■ **TASK REQUIREMENTS**
A word-for-word copy of the data is what's wanted; pictures stay out of it.

■ **PROVIDED MATERIAL**
----------
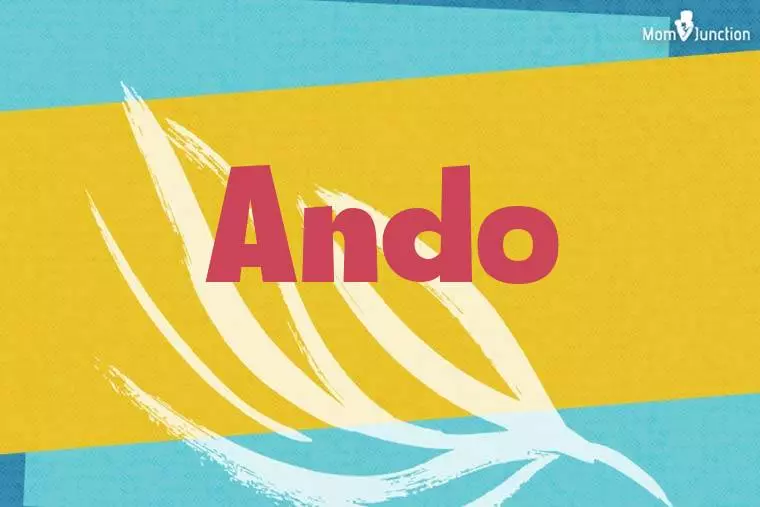 Ando Stylish Wallpaper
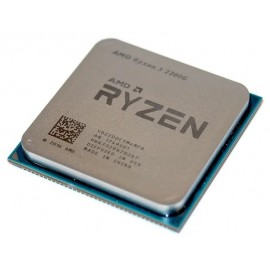 ПРОЦЕССОР AMD RYZEN 3 2200G AM4 (YD2200C5FBBOX) (3.5GHZ/RADEON VEGA) BOX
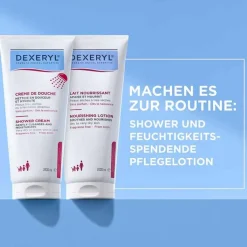Dexeryl Pflegelotion, 200 ml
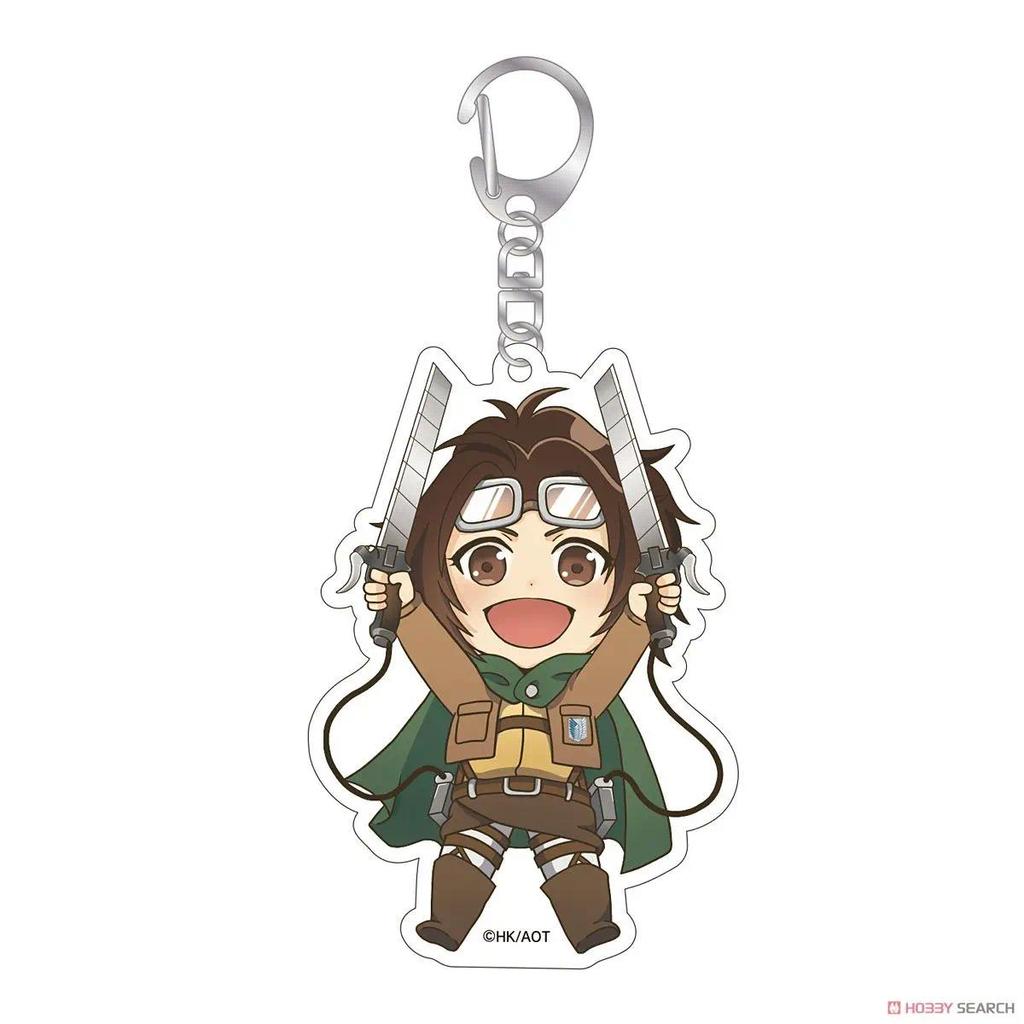 Keychain For Attack On Titan Levi Ackerman Hange Zoe Erwin Smith Keychain Accessories Diy Móc Khóa In Theo Yêu Cầu, Chất Liệu Mica Trong Suốt In 2 Mặt , Dày 4mm 9 Keychain For Attack On Titan Levi Ackerman Hange Zoe Erwin Smith Keychain Accessories Diy Móc Khóa In Theo Yêu Cầu, Chất Liệu Mica Trong Suốt In 2 Mặt , Dày 4mm - Ảnh 9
----------
■ **WRITTEN RESPONSE**
 Ando Stylish Wallpaper
 ПРОЦЕССОР AMD RYZEN 3 2200G AM4 (YD2200C5FBBOX) (3.5GHZ/RADEON VEGA) BOX
Dexeryl Pflegelotion, 200 ml
 Keychain For Attack On Titan Levi Ackerman Hange Zoe Erwin Smith Keychain Accessories Diy Móc Khóa In Theo Yêu Cầu, Chất Liệu Mica Trong Suốt In 2 Mặt , Dày 4mm 9 Keychain For Attack On Titan Levi Ackerman Hange Zoe Erwin Smith Keychain Accessories Diy Móc Khóa In Theo Yêu Cầu, Chất Liệu Mica Trong Suốt In 2 Mặt , Dày 4mm - Ảnh 9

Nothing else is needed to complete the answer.